Selena began her tenure at Interim House in 2006. Addicted to crack cocaine for thirty years, Selena describes those years as if she was "living as someone else." The turning point in her journey came when she was in prison. There, she began to realize that she wanted more. Interim House's admissions coordinator regularly visited Selena to talk to her about how Interim House could help her get back on the right track. About a year later, Selena arrived at Interim House

"I had big issues when I first came to Interim House. Grief and guilt for the things I did to my family." With the help of her residential therapist, Selena began to address these issues. "What mainly helped was that my therapist asked my sister to come. She came and interacted with me." Using these experiences as building blocks, Selena began to feel grounded at Interim House. "This place is good for me. Keeps me on my toes. This is it for me. This place here."

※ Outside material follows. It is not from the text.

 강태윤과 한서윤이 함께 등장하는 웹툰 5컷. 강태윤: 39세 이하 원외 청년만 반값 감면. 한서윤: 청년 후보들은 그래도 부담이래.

Having made great strides in residential treatment, Selena stepped down to Interim House's Intensive Outpatient Program after six months and has been a stalwart for the Outpatient Program for the past five years. Interim House helped Selena to build her confidence. More important, Interim House inspired Selena to give back to the Recovery community by becoming a Peer Mentor. "Interim House came to me about the PRO-ACT training. They told me that we have a lot to give back." PRO-ACT is a grassroots recovery support initiative in Southeastern Pennsylvania that provides wide-ranging support to the Recovery community. PRO-ACT trains a select number of Interim House participants to prepare to work as Peer Mentors. Being a Peer Mentor provides Selena with the opportunity to give the same kind of support she had received from her peers. "The older peer mentors were role models. Quite a few of them wanted me to do the right thing. Now, I want to give back to the younger people. This is no joke. I want to offer my experience."

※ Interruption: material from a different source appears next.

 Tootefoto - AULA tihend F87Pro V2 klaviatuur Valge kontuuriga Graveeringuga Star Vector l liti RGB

It's been a year and a half since Selena graduated from PRO-ACT's Peer Mentor training program. As a seasoned Peer Mentor, Selena is entrusted by Interim House to provide continuous support in other individuals' paths to recovery. Among her responsibilities as a paid Interim House staff member, Selena is a buddy to new residents- helping them feel at ease, she accompanies her peers to appointments and 12-step meetings, helps with treatment plan assignments and, most of all, provides emotional support to her peers. She has also taken a leadership role at Interim House by leading a weekly beginner's group in the Intensive Outpatient Program. To show solidarity with her peers, Selena will sometimes visit other Interim House groups to share her story. The key to being a Peer Mentor is "to be open. To be a friend," says Selena. 

Ultimately, Selena understand that she has a lot to offer Philadelphia's recovery community. "I'm controlling my life today. I want to tell my story. Let the younger people know they could do it. They could control theirs too." While she has much to give back, being a Peer Mentor continues to enrich her own life. "It's rewarding for me. I like meeting people. I like being intertwined with people. Being a Peer Mentor keeps me up to date on what is going on out there. It keeps me sober. It's a great feeling knowing that they are listening to me. I'm proud of the peers here that are stickin' to it."

Visitors to Interim House notice that Selena is one of the program's most active participants, making use of Interim House's resources and giving back. As Selena says, "I'm living large and I'm blessed. I felt the love when I got here."